The feeling of isolation is complete, a perfect breeding pen for paranoia. The digital camerawork and computerised sound effects contribute to the fear factor, similar to The Blair Witch Project's use of crude video imagery.

In the end, it comes down to personalities, which is where Marc Evans's film has the advantage. These people are not idiots, like in Blair Witch. They have genuine lives, dysfunctional perhaps, but only too believable and certainly not brain dead.

Series 7: The Contenders parodied extreme reality game shows and The Hole explored the claustrophobic impact of a weekend in a disused nuclear bunker with chilling effect. My Little Eye avoids kitsch, camp and pastiche. Evans is serious and his use of mainly static photographic techniques brilliantly reproduces a CCTV view of the world.

As their time nears completion, the pressure heightens for the five. Incidents occur that indicate a more active involvement from the unseen organisation that produced the show.

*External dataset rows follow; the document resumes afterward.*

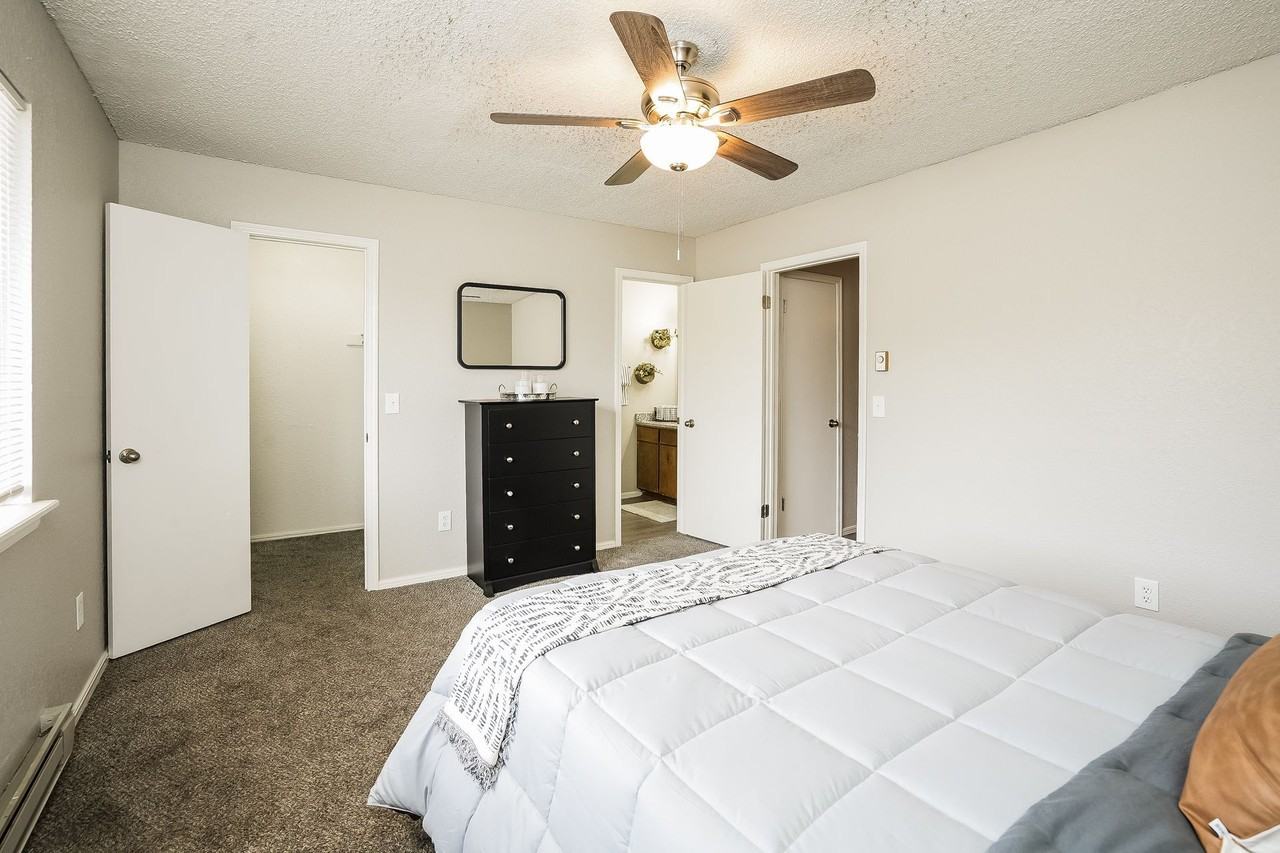 Kimberly Apartments - Photo 5 of 9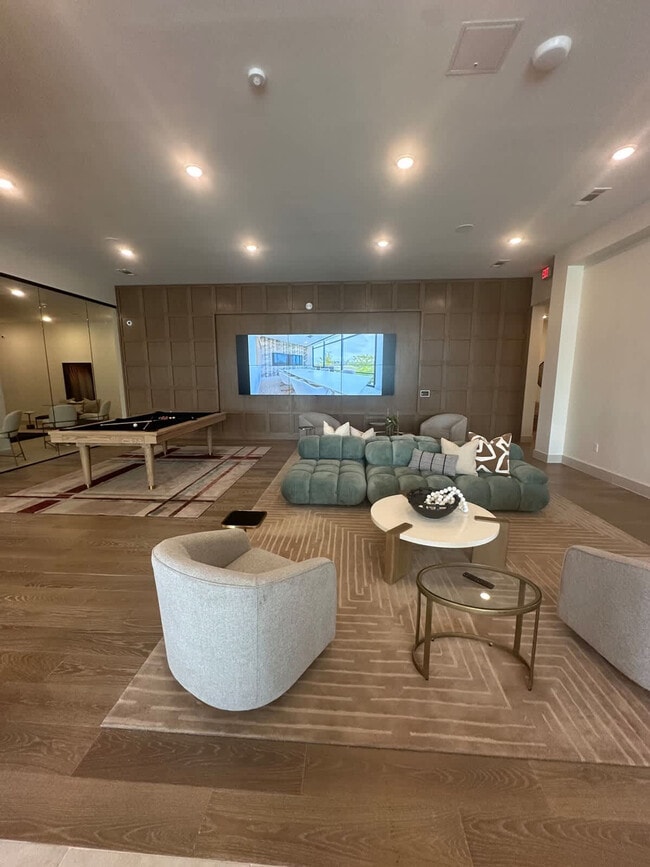 Building Photo - 12208 Tech Ridge Blvd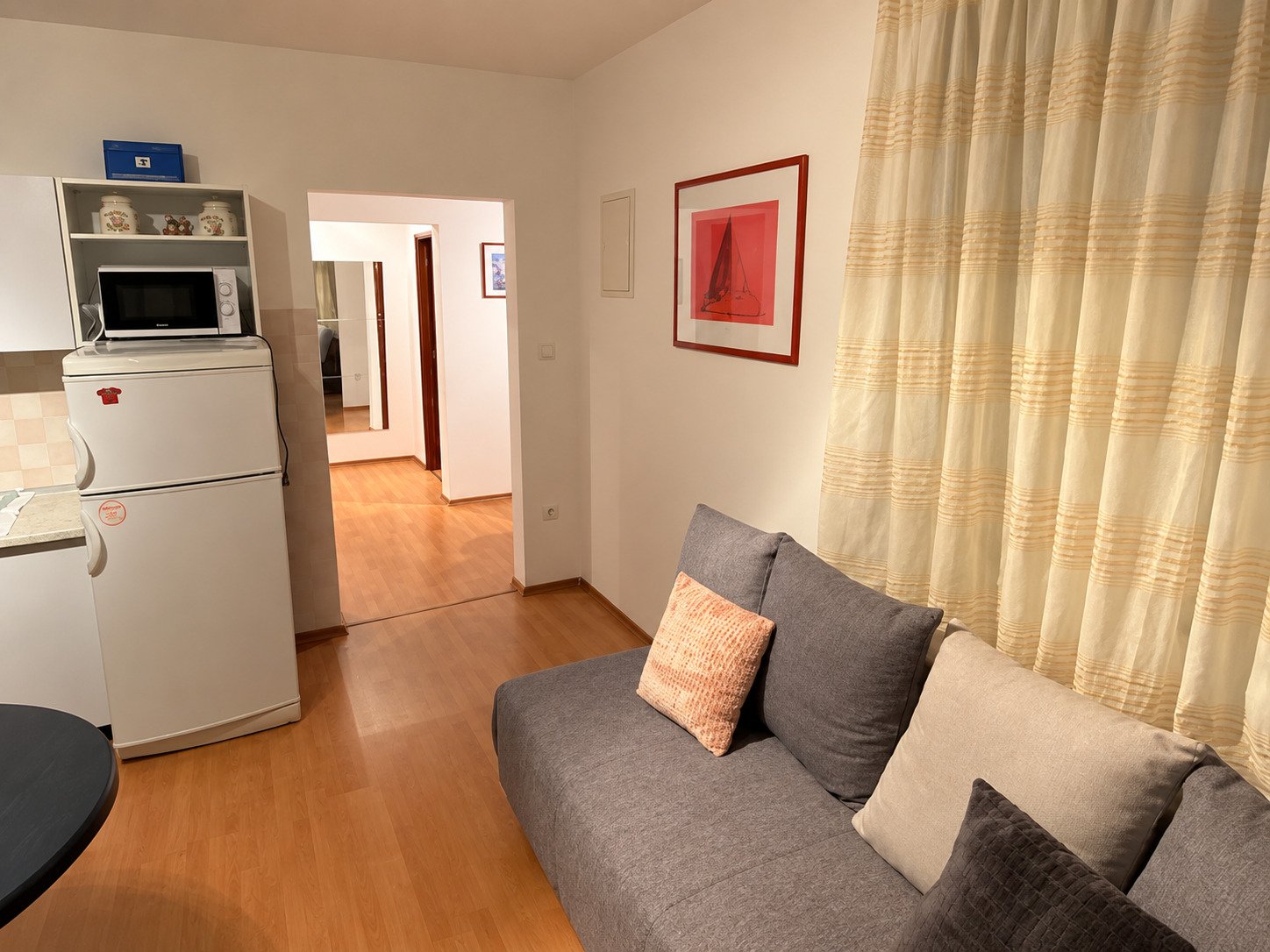 Großzügiges Haus mit drei Apartments, 400 m vom Meer entfernt, Čižići, Kroatien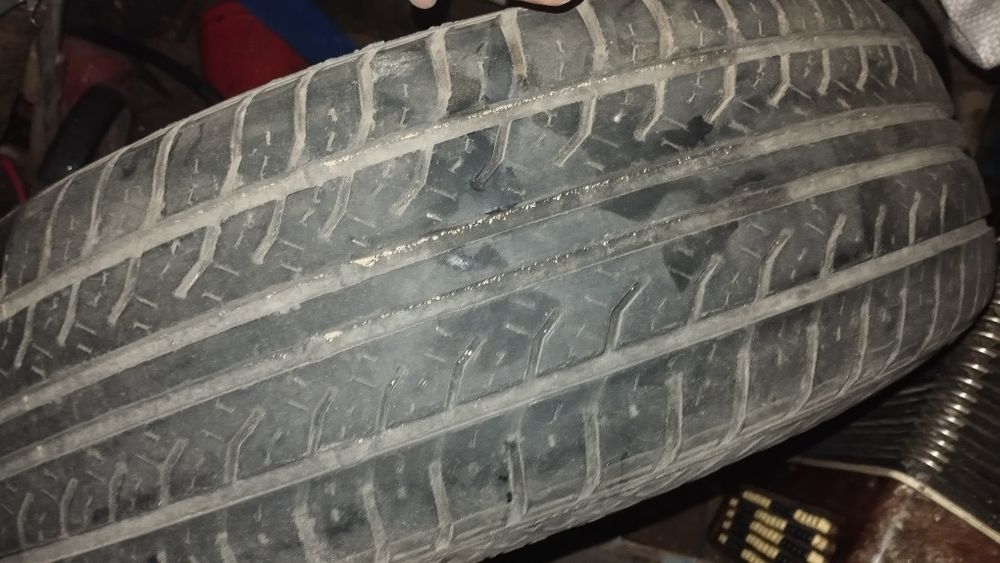 Продам шину на 14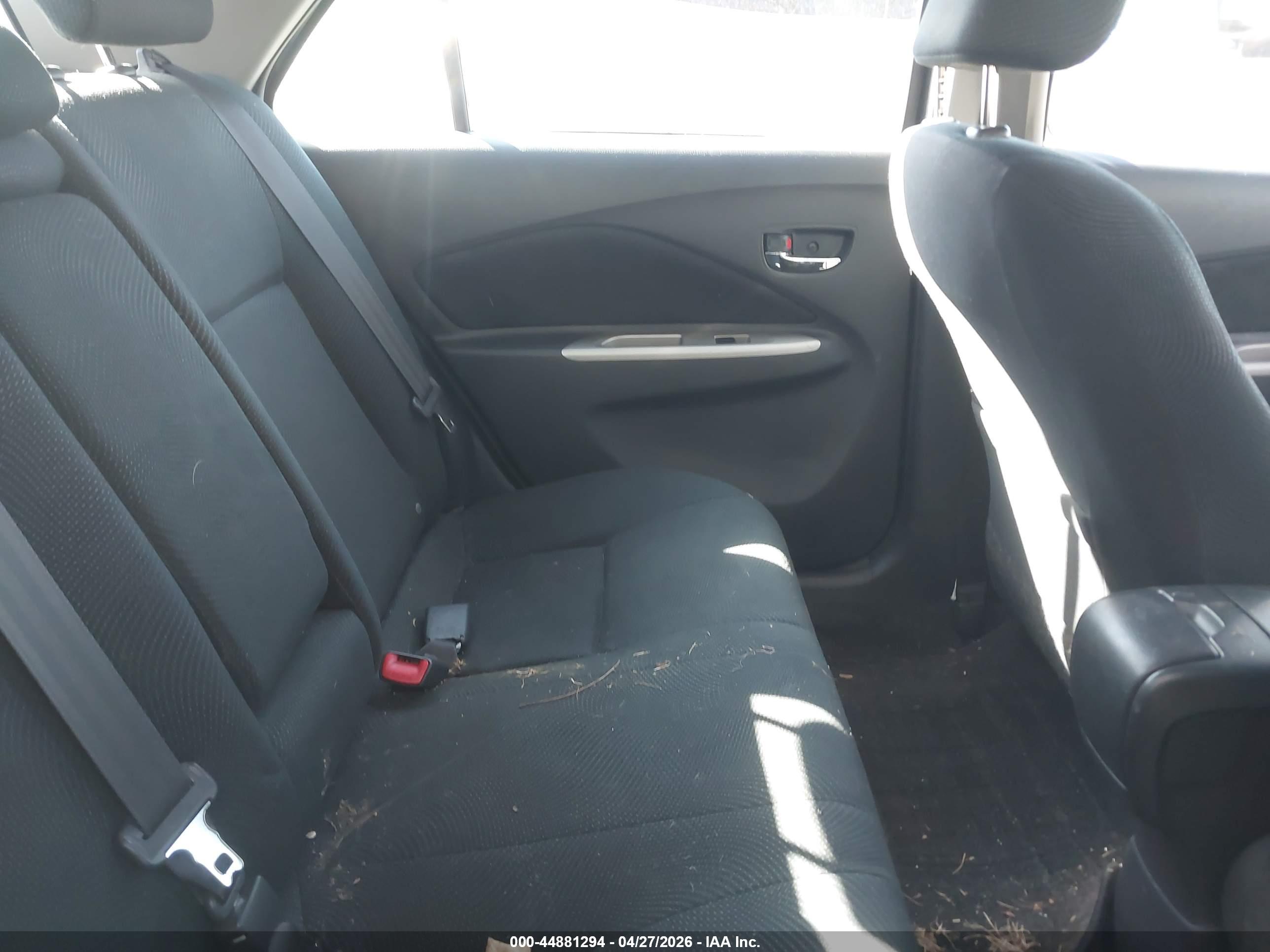 TOYOTA YARIS image 8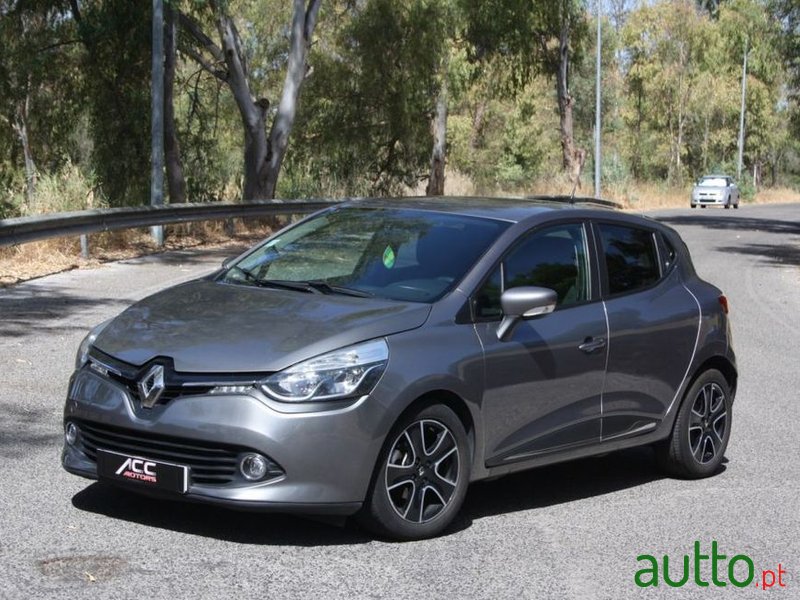 2016' Renault Clio photo #5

"They don't want us to make it," Rex (Kris Lemche) warns, darkly. "They don't want to pay."

On first impressions, Rex is the least co-operative and most psychologically disturbed. He has no illusions ("I'm here for the money. What's your excuse?") and can't be arsed to hone his social skills for the sake of harmony. He becomes a catalyst, because he sees right through the fabric of deception. With the others, there is wishfulfilment, based on false hope and unrequited romanticism.

Evans is a Cambridge educated Welshman, filming in Nova Scotia with a committed group of unknown actors. The film fits into a genre that has been overexposed, redolent of a thousand clichés, and yet remains uniquely itself, vibrant with originality.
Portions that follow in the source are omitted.